SECTION 8.  EXTENSION

        The Board of Directors may, in its sole discretion, extend the dates
during which all or any particular Option or Options granted under the Plan may
be exercised; provided, however, that no such extension shall be permitted if it
would cause Incentive Stock Options issued under the Plan to fail to comply with
Section 422 of the Code.

SECTION 9.  GENERAL PROVISIONS APPLICABLE TO OPTIONS

        (a) Each Option under the Plan shall be evidenced by a writing delivered
to the Participant specifying the terms and conditions thereof and containing
such other terms and conditions not inconsistent with the provisions of the Plan
as the Board of Directors considers necessary or advisable to achieve the
purposes of the Plan or comply with applicable tax and regulatory laws and
accounting principles.

        (b) Each Option may be granted alone, in addition to or in relation to
any other Option. The terms of each Option need not be identical, and the Board
of Directors need not treat Participants uniformly. Except as otherwise provided
by the Plan or a particular Option, any determination with respect to an Option
may be made by the Board at the time of grant or at any time thereafter.

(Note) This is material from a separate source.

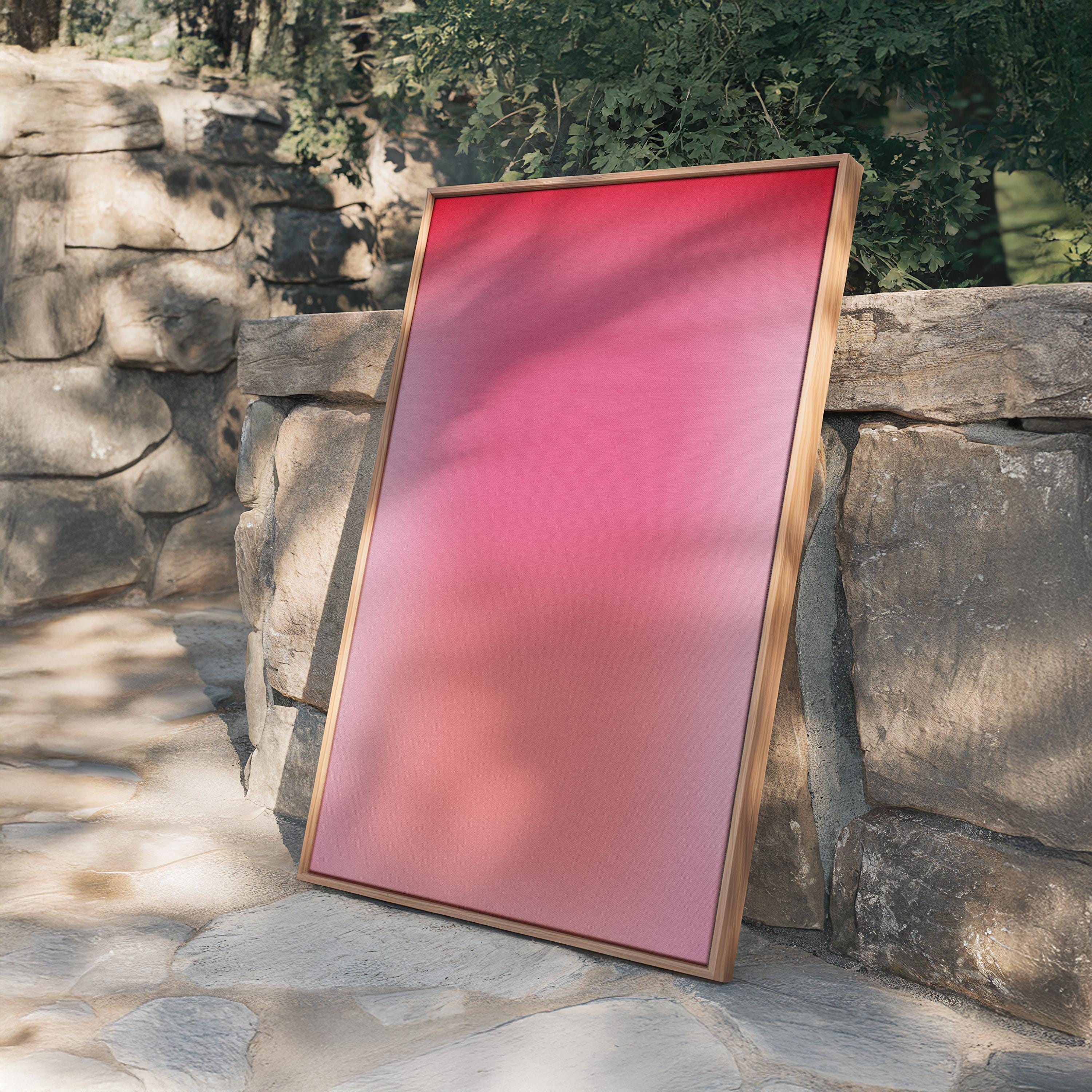 Pink Gradient Art Print, Coral Abstract Poster, Vintage Grain Wall Decor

        (c) In the event of a consolidation, reorganization, merger or sale of
all or substantially all of the assets of the Corporation in each case in which
outstanding shares of Common Stock are exchanged for securities, cash or other
property of any other corporation or business entity or in the event of a
liquidation of the Corporation, the Board of Directors may, in its discretion,
provide for any one or more of the following actions, as to outstanding options:
(i) provide that such options shall be assumed, or equivalent options shall be
substituted, by the acquiring or succeeding corporation (or an affiliate
thereof), provided that any such options substituted for Incentive Stock Options
shall meet the requirements of Section 424(a) of the Code, (ii) upon written
notice to the Participants, provide that all unexercised options will terminate
immediately prior to the consummation of such transaction unless exercised (to
the extent then exercisable) by the Participant within a specified period
following the date of such notice, (iii) in the event of a merger under the
terms of which holders of the Common Stock of the Corporation will receive upon
consummation thereof a cash payment for each share surrendered in the merger
(the "Merger Price"), make or provide for a cash payment to the Participants
equal to the difference between (A) the Merger Price times the number of shares
of Common Stock subject to such outstanding Options (to the extent then
exercisable at prices not in excess of the Merger Price) and (B) the aggregate
exercise price of all such outstanding Options in exchange for the termination
of such Options, and (iv) provide that all or any outstanding Options shall
become exercisable in full immediately prior to such event.

        (d) The Participant shall pay to the Corporation, or make provision
satisfactory to the Board of Directors for payment of, any taxes required by law
to be withheld in respect of Options under the Plan no later than the date of
the event creating the tax liability. In the Board's sole discretion, a
Participant (other than a Participant subject to Section 16 of the Act (a
"Section 16 Participant"), who shall be subject to the following sentence) may
elect to have such tax obligations paid, in whole or in part, in shares of
Common Stock, including shares retained from the Option creating the tax
obligation. With respect to Section 16 Participants, upon the issuance of shares
of Common Stock in respect of an Option, such number of shares issuable shall be
reduced by the number of shares necessary to satisfy such Section 16
Participant's federal, and where applicable, state withholding tax obligations.
For withholding tax purposes, the value of the shares of Common Stock shall be
the Fair Market Value on the date the withholding obligation is incurred. The
Corporation may, to the extent permitted by law, deduct any such tax obligations
from any payment of any kind otherwise due to the Participant.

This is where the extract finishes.